South Africa faces a challenging year as far as media freedom is concerned.
Important legislation that could drastically restrict media freedom is on the cards, including the Protection of Information Bill, which will regulate state secrets, and the Protection of Personal Information Bill, which does not adequately exempt the media from the obligation to process personal information in accordance with restrictive principles.
The idea of a statutory print media tribunal to replace the current system of self-regulation resurfaced at the end of last year. Some of Zapiro’s incisive political cartoons remain the subject of defamation litigation by President Jacob Zuma. Last week, the new National Director of Public Prosecutions gagged prosecutors from speaking to the media without authorisation.
And just this week, e.tv was faced with the prospect of two of its journalists being sent to jail or fined for not revealing the identities of sources the broadcaster had interviewed for one of its news items (the case was postponed pending discussions between the parties).
Against this background, it is interesting to take note of some important developments in media law in the European Court of Human Rights and the Canadian Supreme Court, both of which were handed down in December last year.
The background to the European Court case was that Interbrew, the Belgian brewing company, had succeeded in the English courts in obtaining an order compelling various newspapers to return a document that had been leaked by a confidential source. The document revealed information relating to a possible takeover bid for South African Breweries then being contemplated by Interbrew.
The English courts ruled that the general rule that journalists are entitled to keep their sources secret should be overridden; the company needed the document to enable it to ascertain the identity of the source. The newspapers refused to comply with the court order; they asked the European Court to declare the order inconsistent with the right to freedom of expression.
The court reiterated that the protection of journalistic sources is one of the basic conditions for press freedom and that any departure from this protection had to be “convincingly established”. Even though disclosing the leaked document might not directly lead to the identification of the source, “a chilling effect will arise whenever journalists are seen to assist in the identification of anonymous sources”.
The court held that Interbrew’s interests in obtaining damages for past breaches of confidence, and in eliminating future damage, were insufficient to outweigh the public interest in the protection of journalists’ sources.
The other significant international development in media law was the decision of the Canadian Supreme Court to adopt a defence of reasonable publication for actions against the media for defamation.

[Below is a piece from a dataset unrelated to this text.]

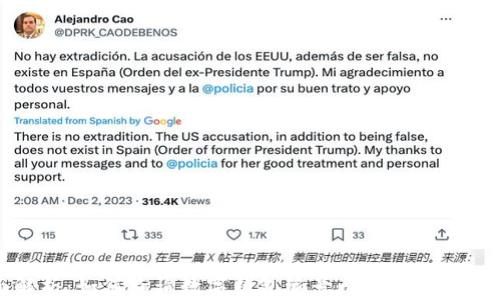 
全面解析：如何查询数字钱包编号以及相关关键知识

The Toronto Star was sued by a property owner in regard to an article that quoted local residents who were critical of the owner’s plans to expand his private golf course.

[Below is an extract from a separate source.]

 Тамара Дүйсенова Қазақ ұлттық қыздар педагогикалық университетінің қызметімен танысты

The Supreme Court ruled that a new defamation defence was required as a result of the constitutional protection of freedom of expression: the defence of responsible communication on matters of public interest. The court accepted that the defence of truth does not offer sufficient protection of the media.

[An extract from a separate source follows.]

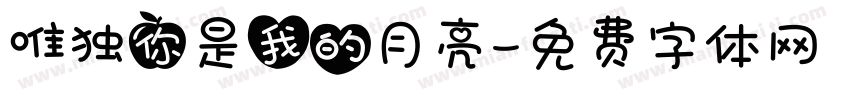 唯独你是我的月亮字体转换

In determining whether a publication was responsible, a number of factors must be taken into account, including the seriousness of the allegation, the reliability of the sources and whether the subject’s side of the story was sought and accurately reported. The court sent the case back for a retrial to determine these issues.
This momentous development in Canadian law brings its defamation law in line with the law that applies in numerous other jurisdictions. Indeed, South Africa adopted the defence of reasonable publication more than a decade ago.
Yet our experience shows that even with a media-friendly defence such as reasonable publication, public officials and figures are seldom deterred from turning to defamation law to claim millions of rands against the media. It is up to the media to ensure that the defence of reasonableness is allowed to percolate into every crevice of the newsroom so that these sorts of lawsuits will not prevail.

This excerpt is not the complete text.